*THE TASK*.
Copy the entries that appear below in full, leaving out any picture among them.
[RECORDS FOR THE EXERCISE Boundary: Start]
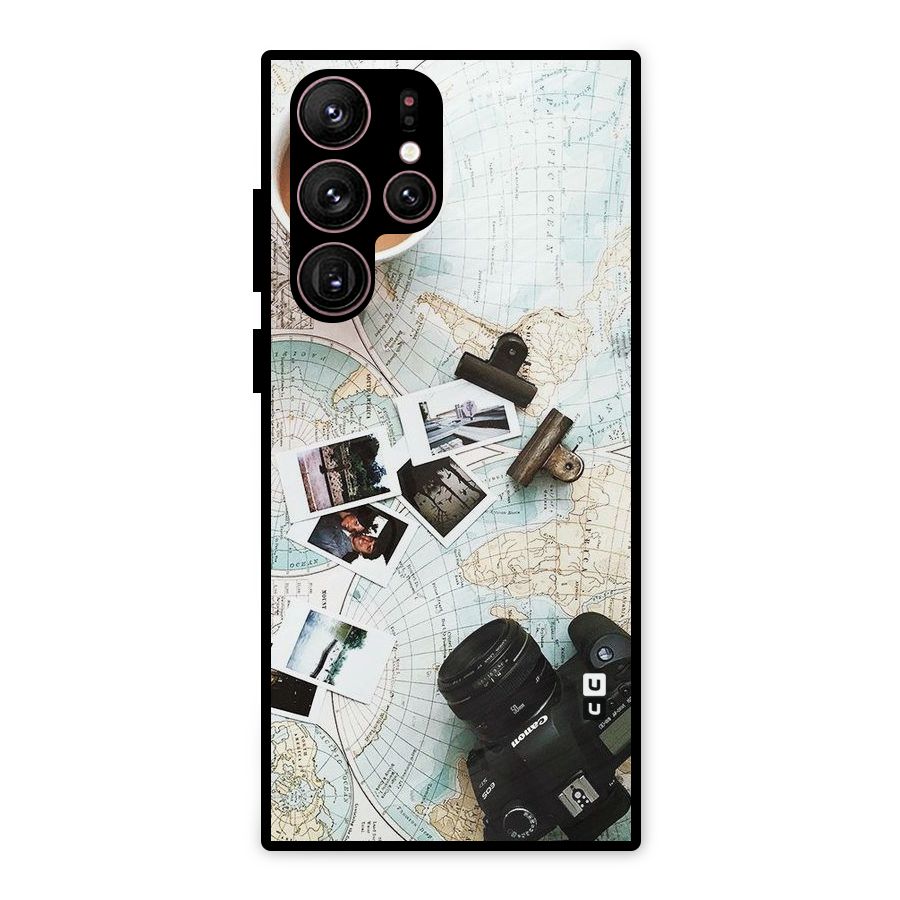 Post Stamps Travel Metal Back Case for Galaxy S22 Ultra 5G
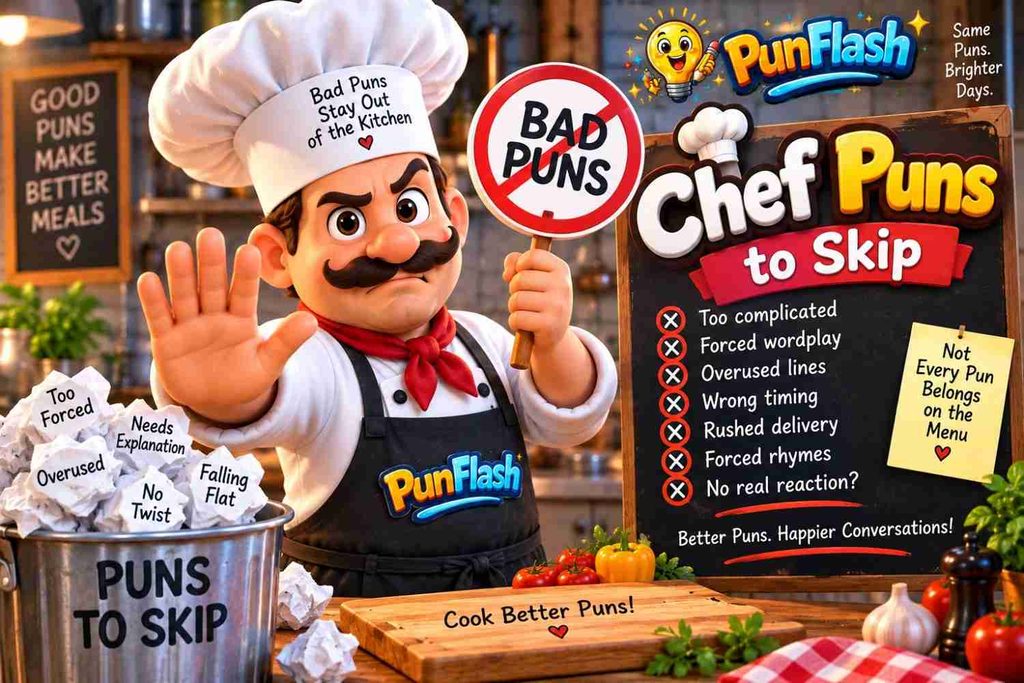 Cartoon chef holding a bad puns warning sign beside a chalkboard showing chef puns to skip in a colorful kitchen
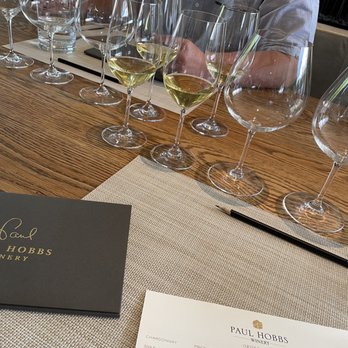Paul Hobbs Winery - wine glasses lined up on a table - Wineries Near Me - Sebastopol, California Paul Hobbs Winery - wine glasses lined up on a table - Wineries Near Me - Sebastopol, California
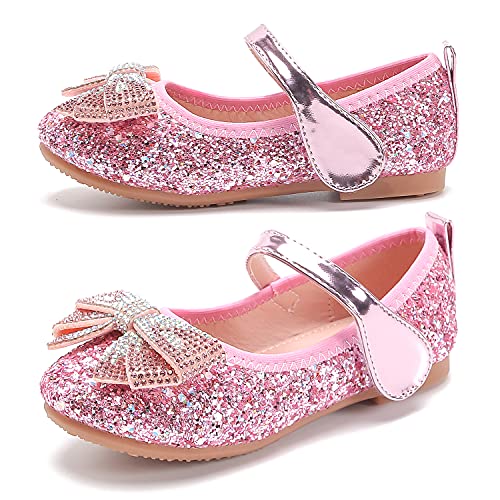 Eleasica Zapatos de Vestir, Lazos de Lentejuelas y Joyas Brillantes, adecuados para Vestidos de Princesa, Bodas, comuniones, Ceremonias, Juegos de rol de Princesas, Disfraz de Carnaval (3-12 años)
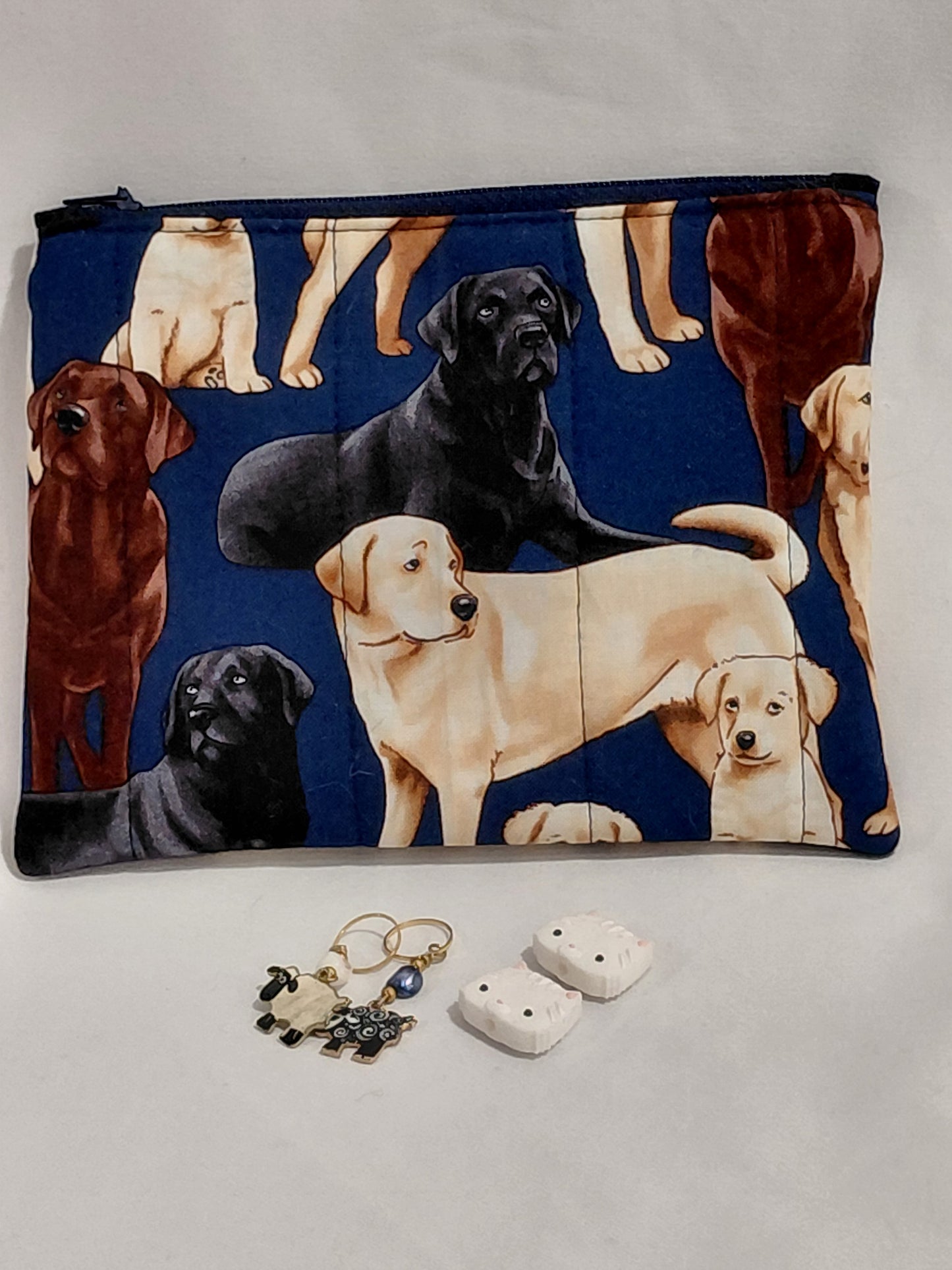 Zippered pouch, Dogs notions bag, Dog coin purse, Dog coin pouch, colourful dogs bag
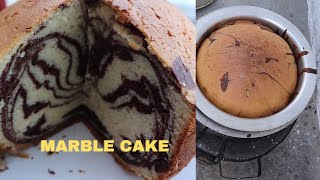 How to bake MARBLE CAKE JUST USING CHARCOAL OVEN [upl. by Asilad]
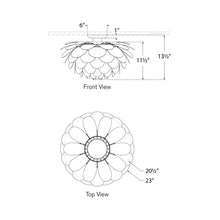 Load image into Gallery viewer, Cynara LED Flush Mount Ceiling Light - line drawing.
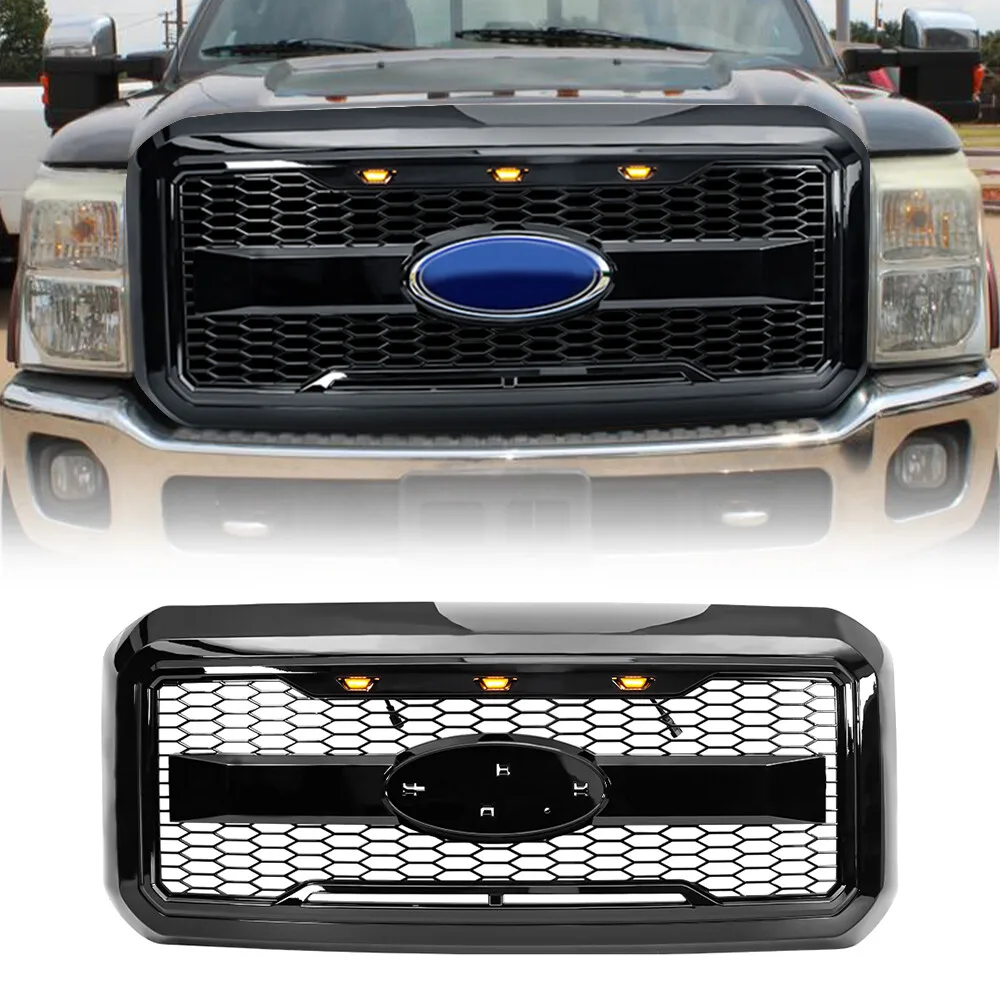 

Car Grills Glossy Black Front Raptor Style Grille Bumper Grill With Emblem Hole & Lights For 2011-2016 Ford F250 F350 Super Duty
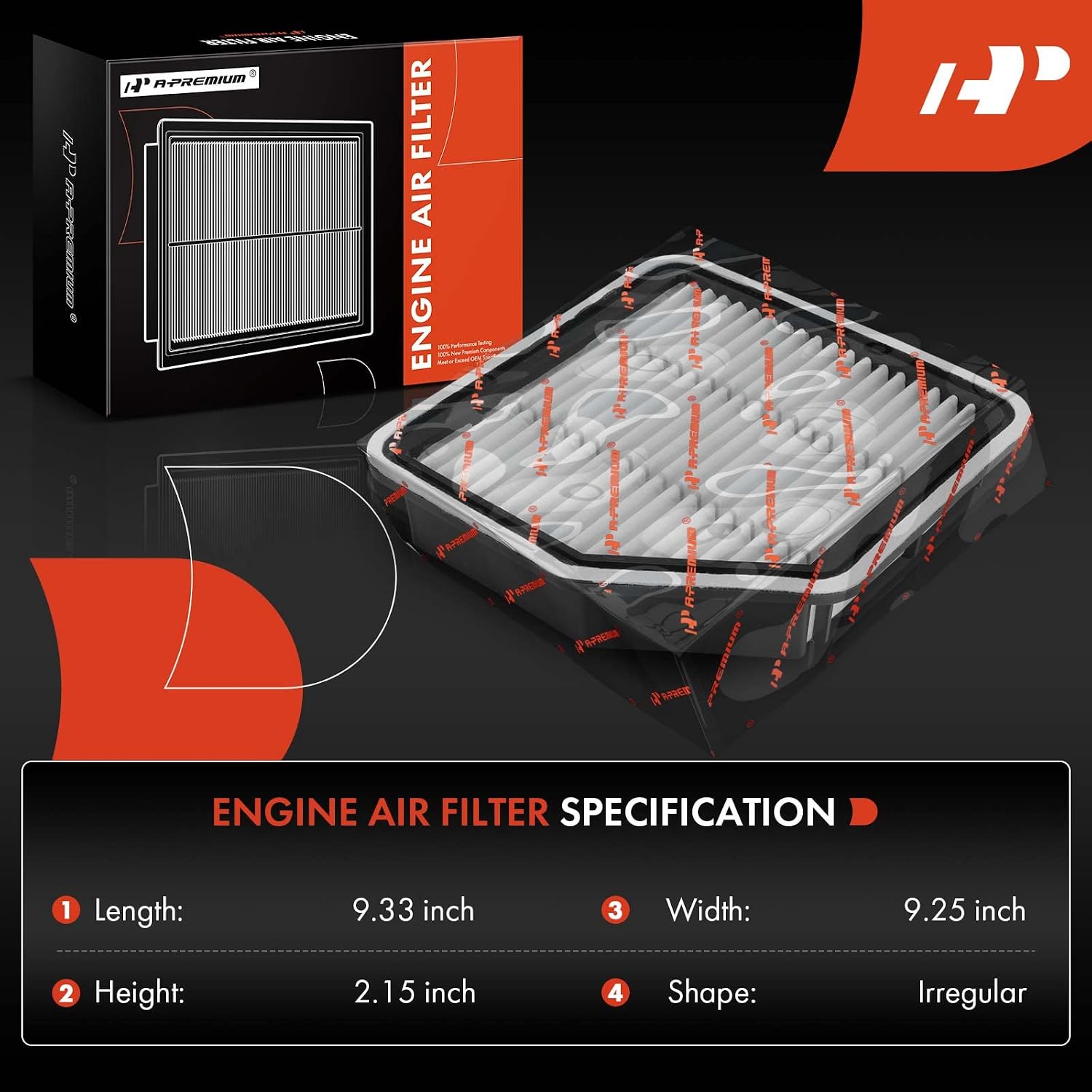 A-Premium 2-PC Engine Air Filter Compatible with Lexus GS350, GS430, IS250, IS350, 2006-2015, Rigid Panel, Replace# 17801-31110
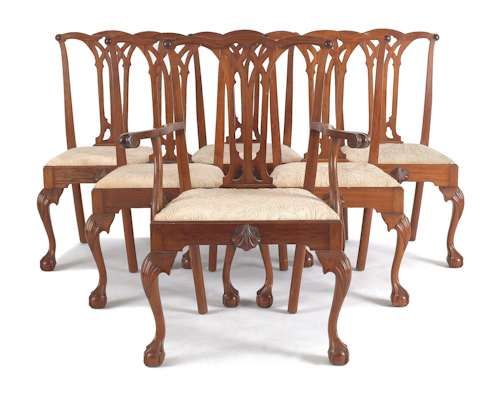 Set of six Chippendale style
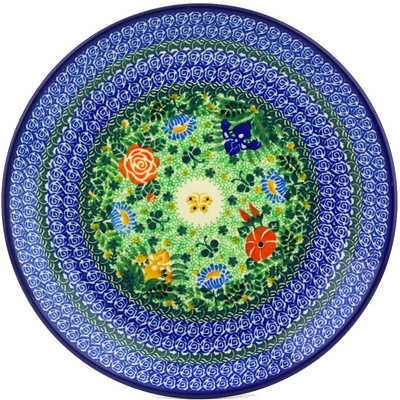 Polish Pottery Dinner Plate 10&frac12;-inch Butterfly Iris UNIKAT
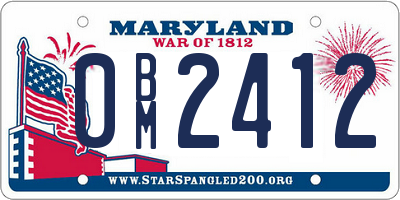 MD license plate 0BM2412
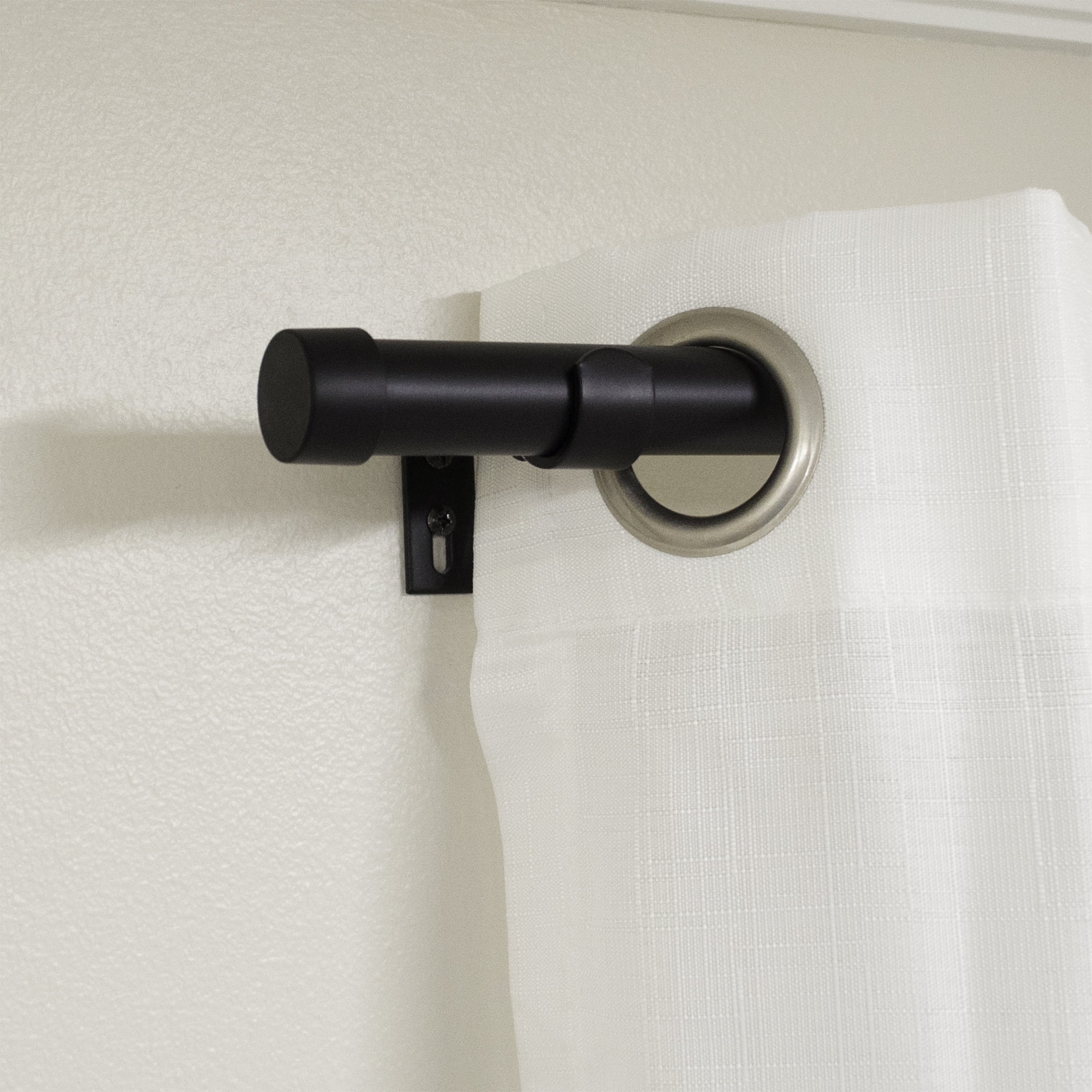 Better Homes & Gardens 1" Matte Black Cap Adjustable Single Curtain Rod Set, 42"-120"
[RECORDS FOR THE EXERCISE Boundary: End]
*ANSWER SPACE*.
 Post Stamps Travel Metal Back Case for Galaxy S22 Ultra 5G
 Cartoon chef holding a bad puns warning sign beside a chalkboard showing chef puns to skip in a colorful kitchen
Paul Hobbs Winery - wine glasses lined up on a table - Wineries Near Me - Sebastopol, California Paul Hobbs Winery - wine glasses lined up on a table - Wineries Near Me - Sebastopol, California
 Eleasica Zapatos de Vestir, Lazos de Lentejuelas y Joyas Brillantes, adecuados para Vestidos de Princesa, Bodas, comuniones, Ceremonias, Juegos de rol de Princesas, Disfraz de Carnaval (3-12 años)
 Zippered pouch, Dogs notions bag, Dog coin purse, Dog coin pouch, colourful dogs bag
 How to bake MARBLE CAKE JUST USING CHARCOAL OVEN [upl. by Asilad]
 Load image into Gallery viewer, Cynara LED Flush Mount Ceiling Light - line drawing.

Car Grills Glossy Black Front Raptor Style Grille Bumper Grill With Emblem Hole & Lights For 2011-2016 Ford F250 F350 Super Duty
 A-Premium 2-PC Engine Air Filter Compatible with Lexus GS350, GS430, IS250, IS350, 2006-2015, Rigid Panel, Replace# 17801-31110
 Set of six Chippendale style
 Polish Pottery Dinner Plate 10&frac12;-inch Butterfly Iris UNIKAT
 MD license plate 0BM2412
 Better Homes & Gardens 1" Matte Black Cap Adjustable Single Curtain Rod Set, 42"-120"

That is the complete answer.